2020年8月,湖南省人民政府办公厅印发《湖南省推进湘赣边区域合作示范区建设三年行动计划(2020年—2022年)》的通知,其中提到要支持区域内高等教育发展,推进在浏阳市筹建钱学森科技大学(暂命名)。新中国成立以来还没有以人名命名高校的先例,而且按照已公开的资料,湖南要建的应该不是一所高职高专,而是高水平本科院校,而这必然要得到教育部的批准才能开建。

钱学森在1956年获得中国科学院年度科学奖金一等奖,他由于工程控制论的研究而得奖。新华社记者牛畏予摄

由此可见想要顺利获批并不容易,但一石激起千层浪,在中国流传已久的“钱学森之问”又走进了公众的视野。据称这是钱老生前在各种场合不止一次提出的问题:为什么我们的学校总是培养不出杰出人才?但是,至今无人能够严格地提供这句话的出处。

钱学森之问的真相到底是什么?

这个传言的缘起是一个事实——时任国务院总理温家宝于2005年7月29日在北京看望了94岁的钱学森。温总理向坐在病床上的钱学森介绍了政府正在组织制定新一轮科技发展规划并采取自主创新方针的情况。钱老听完介绍后表示,“您说的我都同意。但还缺一个……培养具有创新能力的人才问题。一个有科学创新能力的人不但要有科学知识,还要有文化艺术修养。没有这些是不行的。小时候,我父亲就是这样对我进行教育和培养的,他让我学理科,同时又送我去学绘画和音乐。就是把科学和文化艺术结合起来。我觉得艺术上的修养对我后来的科学工作很重要,它开拓科学创新思维。现在,我要宣传这个观点。”

1955年10月8日,钱学森冲破重重阻力回到祖国。图|新华社

温家宝表示同意说,“而现在学理工的往往只钻研理工,对文学艺术懂得很少,这不利于全面发展。”

就在这个时刻,钱老说出了后来受到演绎的一段话:“现在中国没有完全发展起来,一个重要原因是没有一所大学能够按照培养科学技术发明创造人才的模式去办学,没有自己独特的创新的东西,老是‘冒’不出杰出人才。这是很大的问题。”

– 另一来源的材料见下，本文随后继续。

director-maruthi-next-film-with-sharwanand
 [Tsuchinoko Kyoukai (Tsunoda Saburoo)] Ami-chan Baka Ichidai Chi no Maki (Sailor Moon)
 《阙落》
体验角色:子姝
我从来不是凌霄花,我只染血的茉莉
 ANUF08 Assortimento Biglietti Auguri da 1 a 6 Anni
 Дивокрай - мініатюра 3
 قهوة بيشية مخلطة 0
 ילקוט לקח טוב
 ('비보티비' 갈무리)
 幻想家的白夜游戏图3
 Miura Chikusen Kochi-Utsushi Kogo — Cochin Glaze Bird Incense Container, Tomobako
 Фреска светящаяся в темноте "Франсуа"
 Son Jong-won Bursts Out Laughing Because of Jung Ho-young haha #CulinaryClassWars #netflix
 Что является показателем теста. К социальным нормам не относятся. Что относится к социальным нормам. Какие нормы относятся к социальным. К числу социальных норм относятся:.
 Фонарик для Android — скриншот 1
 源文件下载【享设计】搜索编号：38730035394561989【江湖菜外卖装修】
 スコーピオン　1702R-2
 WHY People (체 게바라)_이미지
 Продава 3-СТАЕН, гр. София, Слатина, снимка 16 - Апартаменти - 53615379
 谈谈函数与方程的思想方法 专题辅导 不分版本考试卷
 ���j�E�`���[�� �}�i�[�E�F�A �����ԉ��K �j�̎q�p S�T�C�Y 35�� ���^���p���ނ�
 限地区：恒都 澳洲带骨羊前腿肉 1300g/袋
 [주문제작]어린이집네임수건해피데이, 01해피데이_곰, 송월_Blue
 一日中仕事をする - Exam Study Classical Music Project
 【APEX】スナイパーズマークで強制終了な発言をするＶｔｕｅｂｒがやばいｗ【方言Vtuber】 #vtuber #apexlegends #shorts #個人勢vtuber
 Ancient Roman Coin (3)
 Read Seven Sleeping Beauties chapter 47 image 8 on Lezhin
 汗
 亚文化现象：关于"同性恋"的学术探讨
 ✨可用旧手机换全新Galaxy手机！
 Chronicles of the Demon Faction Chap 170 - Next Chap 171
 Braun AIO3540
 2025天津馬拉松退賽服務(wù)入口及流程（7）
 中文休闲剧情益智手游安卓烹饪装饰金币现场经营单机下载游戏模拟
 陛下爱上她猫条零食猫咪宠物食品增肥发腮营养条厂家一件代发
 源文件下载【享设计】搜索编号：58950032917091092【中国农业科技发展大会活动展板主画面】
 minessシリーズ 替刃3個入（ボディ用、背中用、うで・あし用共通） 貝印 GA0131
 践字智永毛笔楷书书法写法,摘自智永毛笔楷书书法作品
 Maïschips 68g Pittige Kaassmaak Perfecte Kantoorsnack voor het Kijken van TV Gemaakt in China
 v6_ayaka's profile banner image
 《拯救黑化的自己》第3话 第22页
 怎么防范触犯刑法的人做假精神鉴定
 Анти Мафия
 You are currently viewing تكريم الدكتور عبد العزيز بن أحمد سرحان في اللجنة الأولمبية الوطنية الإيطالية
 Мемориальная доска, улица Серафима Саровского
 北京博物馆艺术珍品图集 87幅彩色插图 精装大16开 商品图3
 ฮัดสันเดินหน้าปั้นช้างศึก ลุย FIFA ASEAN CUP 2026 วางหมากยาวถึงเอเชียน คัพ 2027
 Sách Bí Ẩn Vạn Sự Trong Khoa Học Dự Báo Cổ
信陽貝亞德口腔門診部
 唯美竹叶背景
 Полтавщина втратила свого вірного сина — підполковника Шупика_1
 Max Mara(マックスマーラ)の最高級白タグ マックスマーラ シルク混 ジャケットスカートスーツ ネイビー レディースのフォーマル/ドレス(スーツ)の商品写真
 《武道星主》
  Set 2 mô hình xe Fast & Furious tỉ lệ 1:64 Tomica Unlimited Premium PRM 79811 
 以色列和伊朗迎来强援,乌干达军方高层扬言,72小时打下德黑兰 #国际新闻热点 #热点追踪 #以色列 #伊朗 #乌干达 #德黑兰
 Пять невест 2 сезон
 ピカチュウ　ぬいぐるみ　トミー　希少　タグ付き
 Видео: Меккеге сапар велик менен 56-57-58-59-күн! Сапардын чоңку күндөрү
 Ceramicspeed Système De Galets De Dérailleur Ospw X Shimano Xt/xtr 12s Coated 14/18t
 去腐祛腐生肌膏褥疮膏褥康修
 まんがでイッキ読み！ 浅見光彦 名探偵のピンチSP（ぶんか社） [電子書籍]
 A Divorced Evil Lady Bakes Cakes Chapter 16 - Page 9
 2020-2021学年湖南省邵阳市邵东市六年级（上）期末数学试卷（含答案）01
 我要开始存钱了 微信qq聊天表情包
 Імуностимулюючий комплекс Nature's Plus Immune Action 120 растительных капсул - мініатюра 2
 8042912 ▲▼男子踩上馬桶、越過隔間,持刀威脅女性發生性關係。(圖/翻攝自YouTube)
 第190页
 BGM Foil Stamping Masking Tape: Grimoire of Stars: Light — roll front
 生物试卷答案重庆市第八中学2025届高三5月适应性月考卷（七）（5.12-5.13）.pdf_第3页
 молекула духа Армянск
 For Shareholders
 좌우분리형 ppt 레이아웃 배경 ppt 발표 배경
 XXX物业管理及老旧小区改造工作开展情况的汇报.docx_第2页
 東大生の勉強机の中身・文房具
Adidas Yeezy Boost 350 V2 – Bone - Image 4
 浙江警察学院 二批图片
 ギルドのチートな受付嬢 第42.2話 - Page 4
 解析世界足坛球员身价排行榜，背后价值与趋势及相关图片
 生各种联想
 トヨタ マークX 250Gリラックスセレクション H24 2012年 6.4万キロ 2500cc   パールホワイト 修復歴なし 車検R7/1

这段话被演绎成为“钱学森之问”的转折点是在钱老于2009年10月31日逝世后不久,即同年11月11日,安徽高校的11位教授联合《新安晚报》给新任教育部部长袁贵仁及全国教育界发出一封公开信[1],信中说:“钱学森走了,又一颗巨星陨落了。我们深切缅怀钱老,缅怀他的科学精神和崇高人格,还有他的那句振聋发聩的疑问——‘为什么我们的学校总是培养不出杰出人才?’”这11位教授的公开信旨在呼吁重视先进的、现代化的教育并推进教育改革,演绎出来一个“钱学森之问”是用来加重公开信的分量。

从此,被演绎出来的“钱学森之问”本身也被不断地演绎。

如果在网络上搜一下这个主题,会出来一堆如下的文章标题——

“钱老感慨说,这么多年培养的学生,还没有哪一个的学术成就,能够跟民国时期培养的大师相比”;

“钱学森之问:为什么我们国家培养不出人才”;

“钱学森之问:为何解放后的人才无法与民国相比”。

当然,钱学森的任何谈话都没有这些意思,因为硬说涌现出一群“两弹一星”元勋的体制比不上连一台手扶拖拉机都造不出来的“民国大师”,确实不是正常人的逻辑。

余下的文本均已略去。